I was figuring this was coming from the very first time we saw Drew’s reaction to Ethan’s collection. I have to give him props for managing to hold out for so long in the face of the inevitable.
Though I also have to take back all those props for how he’s handling the breakup.
Maybe Ethan was expecting to be taking Bat-Ace home with you, setting it up, having a little snuggle in front of the TV, talking things out…. Arg!
I’ve totally watched this breakup happen with friends before. Gay Geeks and Gay Not-As-Geeky-As-They-Thought-They-Were spark lots of drama.
I’m pretty sure that’s not a uniquely homosexual problem.

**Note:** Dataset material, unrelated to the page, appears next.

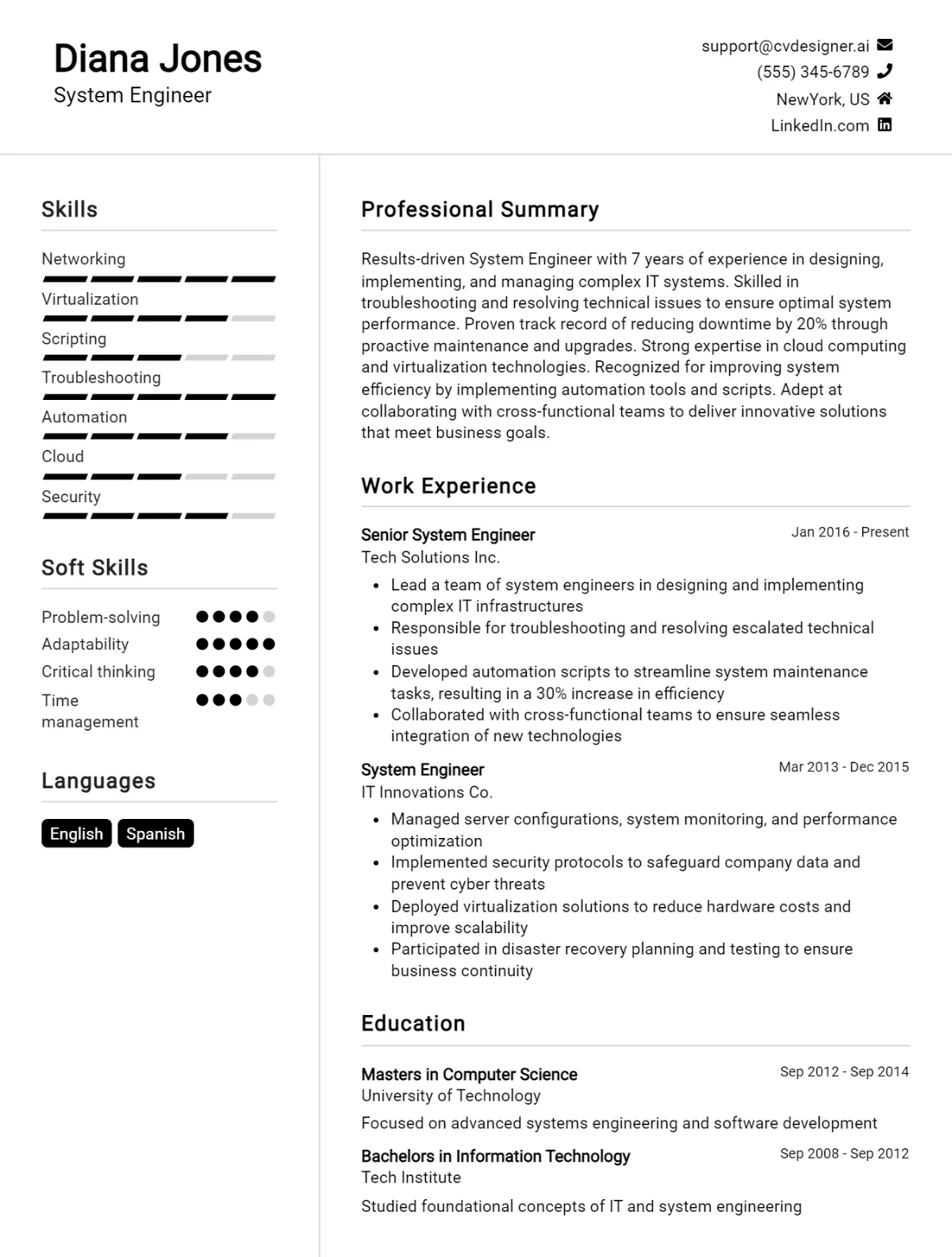 System Engineer CV Example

Would buy those last two panels.
But… it doesn’t seem like either of them were really “wrong” here. I mean, sometimes things don’t work out. They had a great relationship, were in love, are in love, but Ethan’s collecting is smothering Drew and Drew’s unwillingness to embrace the things Ethan is passionate about is hurting Ethan. Ethan tried to prioritize Drew over toys and failed; Drew tried to overlook what he saw as a borderline pathological obsession and failed. They feel the need to throw in the towel before things get worse between them. Sometimes people don’t do anything wrong or mean or intentionally hurtful and still can’t support a relationship between them.
That said- they were fuckin’ adorable together and French Batman and… and… bawl. >= Do not like do not like do not like.
Damn, why do I keep on thinking the place is Coffee of Doom?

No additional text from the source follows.